As noted on page 266 of the opinion, the question in the case was whether "the houses were held primarily for sale or primarily for rent." Still on page 266, the court poses and answers a question re the propriety of the imposition of tax as follows:

"Suppose the taxpayer in the instant case intended to rent the houses for as long as he was required to do so under existing regulations and then to sell them. Or suppose his intention was to pursue whichever of these activities proved to be the most profitable, that is, if the rental market were good he would continue to rent but if the sales market were high he would sell. In either of these suppositions we think it is fair to say that one of the essential purposes (in acquiring or holding the houses) is the purpose of sale. Under such circumstances, if the taxpayer does dispose of the houses by sale, is it within the legislative purpose to allow him to treat the proceeds of these sales as a capital gain? We think not." (Last italics ours.)

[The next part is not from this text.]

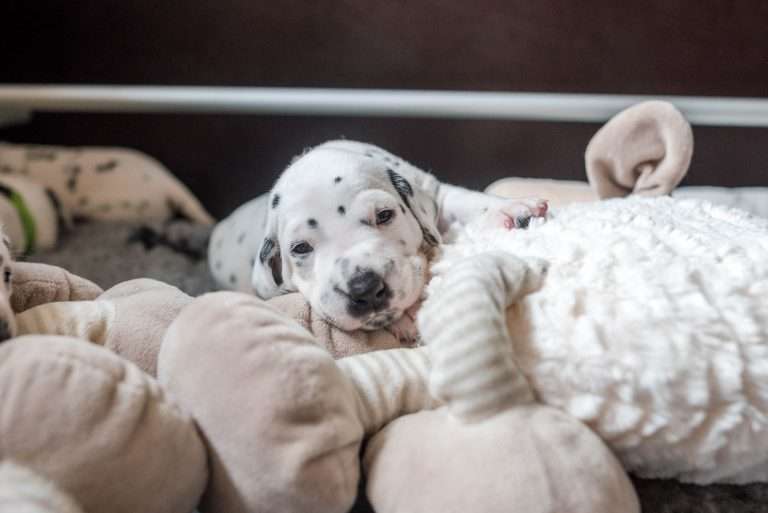 A-Wurf 19. Lebenstag (11)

Applying the rule to the case at bar, if the taxpayers acquired and were holding the frontage properties with the purpose in mind of developing them for investment or to sell them for profit, depending on which would be most advantageous, and that by reason of the rezoning and financing problems it was more profitable to sell the properties, then it appears the profits from the sale should not be treated as capital gain under the rule stated by the Court of Appeals, 9th Circuit, in the R. Corp. case. This court notes the observation of the Court of Appeals in Philber Equipment Corp., supra, at page 131 of its opinion, which it says, referring to the R Corp. case, that it was one of the numerous war time housing operation cases,

"* * * where individuals normally in the business of selling houses were required to turn to rental activities due to war time restrictions. Anticipation of selling activities with respect to the rental housing is an important consideration in many of these cases, so that the dual purpose of rental and sale is quite an inseparable factor in determining for what purpose the property is 'primarily' held."

[Intent]

This comment should be considered in interpreting the effect of the R Corp. case on the case at bar but it does not appear that the rule in the R Corp. case with respect to the intent to follow the avenue of greatest profit is not binding on this court.

By reason of

1. The narrow construction rule to be applied in interpreting the statute involved,

2. The declared intent of plaintiffs as to the purpose of acquiring and holding the property, that is, if rezoning and financing could not be satisfactorily accomplished, "we would sell the whole thing off in bulk," and

3. The rule as announced by the Court of Appeals, 9th Circuit, in the R Corp. case, supra, quoted hereinabove,

the court concludes that plaintiffs have failed to establish by a preponderance of the evidence that the profits here involved were held primarily for investment and not for sale in the ordinary course of trade or business. The rift between the partners may have expedited the sale but it appears that the failure to obtain rezoning and satisfactory financing was the primary cause of the sale which was the step intended by the parties to be taken at the time the property was acquired and while it was held, if the rezoning and financing failed. In other words, the property was purchased and held for development or sale depending on which course appeared to be most profitable, having in mind the need for rezoning and the availability of proper financing on reasonable terms.


[Conclusions of Court]

For the foregoing reasons and circumstances, the court concludes that the plaintiffs are entitled to take nothing by their complaint and the defendant is entitled to Judgment for costs.

Counsel for defendant is requested to prepare, serve and lodge proposed Findings of Fact, Conclusions of Law, and Judgment, in accordance with Local Rule 7, as amended. The Judgment shall be a separate document.

This Memorandum Opinion is not to be deemed a final Judgment.